In March, the Public Company Accounting Oversight Board (PCAOB) held hearings about whether to require public companies to change (or “rotate”) their external auditor periodically. Similarly, the European Union has proposed mandatory auditor rotation every six or 12 years.
Mandatory auditor rotation is designed to address a potential conflict of interest between a public company and its auditor. Because an auditor is hired and paid by the public company it audits, the auditor’s desire to maintain a good relationship with its client could conflict with its duty to rigorously question the client’s financial statements.
Advocates of mandatory rotation generally object to the historic coziness between auditors and the management of public companies: the auditors of almost 36 percent of all companies in the Russell 1000 have held that position for 21 years or more. These advocates cite two specific benefits of replacing the auditor every five or 10 years: a term limit for an auditor’s engagement with a company would decrease the auditor’s incentive to ingratiate itself with management, and furthermore, mandatory rotation would keep the current auditor on its toes, since it would fear that a new auditor would expose any previous errors or omissions.
On the other hand, public companies have vigorously argued that the benefits of mandatory rotation are outweighed by its costs. Because multinational corporations are very complex, an auditor must develop company specific knowledge to fully understand the company’s finances. Mandatory rotation would quickly erode this institutional knowledge, reducing audit quality and increasing costs.
In addition, critics point out that mandatory rotation undermines the role of the audit committee/a> in overseeing the audit process, as expanded by the Sarbanes Oxley Act. That Act made the auditor report to the independent audit committee, which now has the power to appoint and terminate the auditor.
Given these competing arguments, I favor a compromise proposal requiring the independent audit committee to periodically issue a request for proposal (RFP) for the audit engagement, but allowing the existing auditor to bid on the RFP. This proposal would reap most of the benefits of auditor rotation without imposing many of the costs.

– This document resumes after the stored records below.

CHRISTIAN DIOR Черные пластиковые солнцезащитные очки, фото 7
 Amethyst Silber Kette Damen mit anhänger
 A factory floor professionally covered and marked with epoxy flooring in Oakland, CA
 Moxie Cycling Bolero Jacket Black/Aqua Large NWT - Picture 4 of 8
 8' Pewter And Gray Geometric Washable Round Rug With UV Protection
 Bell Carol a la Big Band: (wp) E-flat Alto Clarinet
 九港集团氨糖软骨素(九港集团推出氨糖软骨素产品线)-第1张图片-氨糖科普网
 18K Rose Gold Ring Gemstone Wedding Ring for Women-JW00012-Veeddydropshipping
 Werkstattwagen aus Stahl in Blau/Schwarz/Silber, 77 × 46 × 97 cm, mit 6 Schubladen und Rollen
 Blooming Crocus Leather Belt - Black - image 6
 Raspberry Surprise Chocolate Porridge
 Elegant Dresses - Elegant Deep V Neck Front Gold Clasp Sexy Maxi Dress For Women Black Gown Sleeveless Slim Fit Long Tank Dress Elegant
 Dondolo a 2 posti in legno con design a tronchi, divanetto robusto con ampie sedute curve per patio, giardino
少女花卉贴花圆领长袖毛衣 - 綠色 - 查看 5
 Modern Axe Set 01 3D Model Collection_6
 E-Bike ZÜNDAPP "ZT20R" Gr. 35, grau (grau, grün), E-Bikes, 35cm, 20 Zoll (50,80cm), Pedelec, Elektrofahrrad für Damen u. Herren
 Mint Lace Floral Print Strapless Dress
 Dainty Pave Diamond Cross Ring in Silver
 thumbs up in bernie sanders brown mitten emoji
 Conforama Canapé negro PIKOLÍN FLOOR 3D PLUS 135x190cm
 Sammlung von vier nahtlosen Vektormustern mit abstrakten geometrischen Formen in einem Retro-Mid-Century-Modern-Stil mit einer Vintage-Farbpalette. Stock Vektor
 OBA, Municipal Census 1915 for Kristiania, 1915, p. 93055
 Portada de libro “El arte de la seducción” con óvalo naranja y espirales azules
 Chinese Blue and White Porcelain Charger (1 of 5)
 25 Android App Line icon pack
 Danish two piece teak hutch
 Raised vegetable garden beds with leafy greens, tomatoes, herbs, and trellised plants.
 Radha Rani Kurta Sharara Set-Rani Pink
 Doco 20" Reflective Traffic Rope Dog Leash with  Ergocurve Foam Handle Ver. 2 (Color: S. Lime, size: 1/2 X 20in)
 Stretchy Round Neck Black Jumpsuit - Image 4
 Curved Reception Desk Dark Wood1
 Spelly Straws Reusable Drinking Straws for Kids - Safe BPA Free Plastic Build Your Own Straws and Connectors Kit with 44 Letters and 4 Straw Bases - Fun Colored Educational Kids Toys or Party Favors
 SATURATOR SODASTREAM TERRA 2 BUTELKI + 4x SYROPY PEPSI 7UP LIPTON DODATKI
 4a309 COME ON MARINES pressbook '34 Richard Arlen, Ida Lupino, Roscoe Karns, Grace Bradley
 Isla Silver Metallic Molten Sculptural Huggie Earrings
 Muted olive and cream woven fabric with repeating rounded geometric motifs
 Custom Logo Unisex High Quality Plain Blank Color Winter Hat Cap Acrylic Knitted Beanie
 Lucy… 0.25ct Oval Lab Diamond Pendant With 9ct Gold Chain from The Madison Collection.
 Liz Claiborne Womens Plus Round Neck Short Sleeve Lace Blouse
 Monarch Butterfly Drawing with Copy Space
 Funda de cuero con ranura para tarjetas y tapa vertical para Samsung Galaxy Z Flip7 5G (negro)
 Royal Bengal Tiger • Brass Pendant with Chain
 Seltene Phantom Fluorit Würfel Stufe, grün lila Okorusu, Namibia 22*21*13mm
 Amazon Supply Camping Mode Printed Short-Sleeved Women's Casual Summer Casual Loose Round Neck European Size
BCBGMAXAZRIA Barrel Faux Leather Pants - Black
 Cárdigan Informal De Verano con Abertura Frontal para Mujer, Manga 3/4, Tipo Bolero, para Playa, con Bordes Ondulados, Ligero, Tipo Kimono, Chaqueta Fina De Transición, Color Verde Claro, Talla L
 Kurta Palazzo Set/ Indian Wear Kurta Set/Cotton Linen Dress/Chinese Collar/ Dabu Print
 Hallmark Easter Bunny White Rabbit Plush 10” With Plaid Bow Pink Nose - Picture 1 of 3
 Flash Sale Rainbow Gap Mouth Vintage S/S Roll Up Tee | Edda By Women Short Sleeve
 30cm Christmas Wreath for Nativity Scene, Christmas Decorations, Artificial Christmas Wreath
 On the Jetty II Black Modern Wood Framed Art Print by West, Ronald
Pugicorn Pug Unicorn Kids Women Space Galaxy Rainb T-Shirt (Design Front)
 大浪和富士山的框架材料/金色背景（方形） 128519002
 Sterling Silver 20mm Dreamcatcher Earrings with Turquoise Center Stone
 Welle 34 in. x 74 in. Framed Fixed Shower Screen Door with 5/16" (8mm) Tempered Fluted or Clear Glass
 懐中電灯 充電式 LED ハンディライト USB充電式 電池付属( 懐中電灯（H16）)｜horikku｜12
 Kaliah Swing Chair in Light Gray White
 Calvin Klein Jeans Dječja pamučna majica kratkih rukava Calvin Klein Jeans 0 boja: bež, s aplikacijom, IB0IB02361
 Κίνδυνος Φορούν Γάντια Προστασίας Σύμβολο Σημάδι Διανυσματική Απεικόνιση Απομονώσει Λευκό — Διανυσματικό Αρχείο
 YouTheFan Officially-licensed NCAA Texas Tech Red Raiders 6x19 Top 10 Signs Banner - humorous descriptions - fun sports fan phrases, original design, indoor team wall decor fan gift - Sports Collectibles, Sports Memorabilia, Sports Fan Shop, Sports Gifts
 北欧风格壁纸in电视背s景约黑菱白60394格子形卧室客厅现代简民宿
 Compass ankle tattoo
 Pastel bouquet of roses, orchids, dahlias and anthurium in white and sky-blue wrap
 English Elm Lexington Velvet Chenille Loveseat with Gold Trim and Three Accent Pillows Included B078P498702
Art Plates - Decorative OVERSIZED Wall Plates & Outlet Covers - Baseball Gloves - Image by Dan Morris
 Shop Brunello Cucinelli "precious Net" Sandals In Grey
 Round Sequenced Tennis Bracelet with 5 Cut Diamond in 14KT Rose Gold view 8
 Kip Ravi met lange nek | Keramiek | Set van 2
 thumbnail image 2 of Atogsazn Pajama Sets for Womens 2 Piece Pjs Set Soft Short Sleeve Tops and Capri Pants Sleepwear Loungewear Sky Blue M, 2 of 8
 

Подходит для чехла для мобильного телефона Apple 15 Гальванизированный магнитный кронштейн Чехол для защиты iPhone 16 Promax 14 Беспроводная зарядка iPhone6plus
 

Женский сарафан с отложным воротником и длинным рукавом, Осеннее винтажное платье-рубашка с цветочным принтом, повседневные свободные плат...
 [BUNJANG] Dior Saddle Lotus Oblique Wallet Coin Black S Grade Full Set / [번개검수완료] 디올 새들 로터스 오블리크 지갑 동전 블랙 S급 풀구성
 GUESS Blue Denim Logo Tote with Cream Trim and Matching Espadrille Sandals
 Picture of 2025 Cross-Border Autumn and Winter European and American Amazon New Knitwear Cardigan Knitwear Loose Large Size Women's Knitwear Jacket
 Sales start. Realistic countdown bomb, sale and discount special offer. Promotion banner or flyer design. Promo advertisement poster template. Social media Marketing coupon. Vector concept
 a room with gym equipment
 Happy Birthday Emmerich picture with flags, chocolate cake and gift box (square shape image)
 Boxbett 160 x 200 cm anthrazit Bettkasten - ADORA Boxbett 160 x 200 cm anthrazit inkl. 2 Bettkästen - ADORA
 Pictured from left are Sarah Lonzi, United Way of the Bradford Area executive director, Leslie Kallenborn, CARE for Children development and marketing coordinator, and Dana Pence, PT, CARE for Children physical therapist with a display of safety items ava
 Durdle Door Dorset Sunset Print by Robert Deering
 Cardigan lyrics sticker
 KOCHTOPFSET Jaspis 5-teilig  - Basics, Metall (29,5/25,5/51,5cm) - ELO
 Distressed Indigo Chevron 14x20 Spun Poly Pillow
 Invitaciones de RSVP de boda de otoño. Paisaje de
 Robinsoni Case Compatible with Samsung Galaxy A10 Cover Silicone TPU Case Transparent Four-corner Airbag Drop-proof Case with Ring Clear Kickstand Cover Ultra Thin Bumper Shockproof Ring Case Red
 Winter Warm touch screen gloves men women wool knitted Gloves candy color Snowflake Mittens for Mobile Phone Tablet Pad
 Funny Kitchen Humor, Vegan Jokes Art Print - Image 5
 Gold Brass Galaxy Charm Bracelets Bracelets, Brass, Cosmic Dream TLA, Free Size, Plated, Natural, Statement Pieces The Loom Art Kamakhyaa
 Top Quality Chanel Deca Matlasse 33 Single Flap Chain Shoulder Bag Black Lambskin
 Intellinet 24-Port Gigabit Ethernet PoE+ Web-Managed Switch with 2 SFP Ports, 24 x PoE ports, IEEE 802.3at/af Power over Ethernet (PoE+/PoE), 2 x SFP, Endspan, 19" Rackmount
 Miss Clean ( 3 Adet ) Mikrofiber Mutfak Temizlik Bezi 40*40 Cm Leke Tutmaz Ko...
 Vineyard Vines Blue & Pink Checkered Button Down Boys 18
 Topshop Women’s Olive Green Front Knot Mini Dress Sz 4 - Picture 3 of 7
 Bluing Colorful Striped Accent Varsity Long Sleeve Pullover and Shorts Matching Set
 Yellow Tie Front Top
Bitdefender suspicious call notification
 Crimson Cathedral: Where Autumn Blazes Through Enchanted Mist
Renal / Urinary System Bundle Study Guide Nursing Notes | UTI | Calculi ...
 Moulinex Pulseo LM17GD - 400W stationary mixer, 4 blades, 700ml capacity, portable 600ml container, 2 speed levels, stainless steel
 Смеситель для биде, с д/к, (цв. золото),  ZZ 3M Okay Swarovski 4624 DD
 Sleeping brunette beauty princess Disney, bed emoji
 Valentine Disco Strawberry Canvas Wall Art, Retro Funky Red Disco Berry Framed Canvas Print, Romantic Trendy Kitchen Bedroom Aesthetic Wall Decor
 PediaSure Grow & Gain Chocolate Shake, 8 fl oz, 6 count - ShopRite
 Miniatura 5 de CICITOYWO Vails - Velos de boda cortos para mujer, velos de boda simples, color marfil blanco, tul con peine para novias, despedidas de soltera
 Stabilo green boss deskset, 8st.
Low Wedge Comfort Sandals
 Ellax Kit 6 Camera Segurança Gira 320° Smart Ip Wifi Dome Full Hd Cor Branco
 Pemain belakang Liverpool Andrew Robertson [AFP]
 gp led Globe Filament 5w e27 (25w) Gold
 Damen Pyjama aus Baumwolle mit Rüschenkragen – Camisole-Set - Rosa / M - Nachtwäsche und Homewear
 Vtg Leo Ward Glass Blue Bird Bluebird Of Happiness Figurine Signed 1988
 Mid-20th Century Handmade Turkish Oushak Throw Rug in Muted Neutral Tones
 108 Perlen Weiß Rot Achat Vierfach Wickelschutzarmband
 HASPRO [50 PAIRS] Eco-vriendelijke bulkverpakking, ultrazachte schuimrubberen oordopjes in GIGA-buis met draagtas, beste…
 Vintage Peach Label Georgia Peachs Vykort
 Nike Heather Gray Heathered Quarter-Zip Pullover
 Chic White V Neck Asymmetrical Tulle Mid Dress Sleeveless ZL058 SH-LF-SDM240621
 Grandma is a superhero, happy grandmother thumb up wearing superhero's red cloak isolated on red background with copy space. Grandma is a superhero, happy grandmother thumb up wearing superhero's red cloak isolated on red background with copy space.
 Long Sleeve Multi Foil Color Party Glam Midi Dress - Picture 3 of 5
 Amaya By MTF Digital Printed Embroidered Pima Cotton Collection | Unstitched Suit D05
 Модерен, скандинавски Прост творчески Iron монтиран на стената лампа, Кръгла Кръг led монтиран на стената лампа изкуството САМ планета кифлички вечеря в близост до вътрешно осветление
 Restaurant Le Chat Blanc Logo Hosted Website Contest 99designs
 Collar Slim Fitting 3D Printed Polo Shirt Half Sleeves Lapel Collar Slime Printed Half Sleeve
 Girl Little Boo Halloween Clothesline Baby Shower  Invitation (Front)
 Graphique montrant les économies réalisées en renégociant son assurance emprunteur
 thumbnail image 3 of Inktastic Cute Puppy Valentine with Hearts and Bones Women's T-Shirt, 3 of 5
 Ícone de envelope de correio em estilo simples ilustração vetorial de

Even if the existing auditor usually wins the RFP, the bidding process raises the probability that the audit committee would appoint a new auditor. This would encourage the existing auditor to maintain its professional skepticism more vigilantly. The existing auditor would be worried that any deficiencies in its audits would be discovered if a new auditor were subsequently engaged.
Yet an RFP requirement would not impose large costs on a public company from switching its auditor every five or 10 years. The existing auditor would be replaced only if the audit committee decided that this change met a cost/benefit test in the context of that particular company.
Most importantly, an RFP process would reinforce the critical role of the independent audit committee in the eyes of the external auditor, especially one with a longstanding relationship to the same company. The RFP process would make it clear that the independent directors on the audit committee, not company management, were in charge of choosing the auditor and supervising its work.
Nevertheless, commentators are likely to raise three practical questions about this RFP proposal.
1. How often should the audit committee be required to issue a RFP?
In my view, the answer is every 15 years. This period would allow an audit firm enough time to gain the expertise it needed to understand the complexities of a global company. This period would also be long enough to warrant a serious effort by other large audit firms in responding to these RFPs. Audit fees for 15 years might even persuade one or two middle-size audit firms to develop the capability of auditing multinational companies.
2. Will there be enough firms bidding on the RFP other than the existing auditor?
Even if only one firm other than the existing auditor responds to the RFP, that should be sufficient to obtain most of the benefits of a competitive bidding process, as shown by the bidding for many large defense contracts. Of course, audit firms cannot perform both audit and non-audit services for the same public company. But the regulators could allow any qualified firm to respond to a RFP as long as the firm stopped the non-audit services if it won the RFP for the audit.
3. Will the RFP process make audit firms more likely to fold on tough accounting issues?
With a periodic RFP process, the auditor would make great efforts to serve the needs of the audit committee, not company management. Thus, the RFP process would make the existing auditor to be more responsive to the audit committee — exactly what we want. With the RFP process in mind, the auditor would be more likely to alert the audit committee to close questions on financial reporting and possible areas of debate with company management.
In short, mandatory audit rotation as a blanket rule is probably not cost effective. Instead, the PCAOB should require the audit committee to issue a RFP for the auditor engagement every 15 years, but allow the existing auditor to participate in the bidding process. This process would enhance the auditor’s willingness to make tough calls and reinforce its primary allegiance to the audit committee.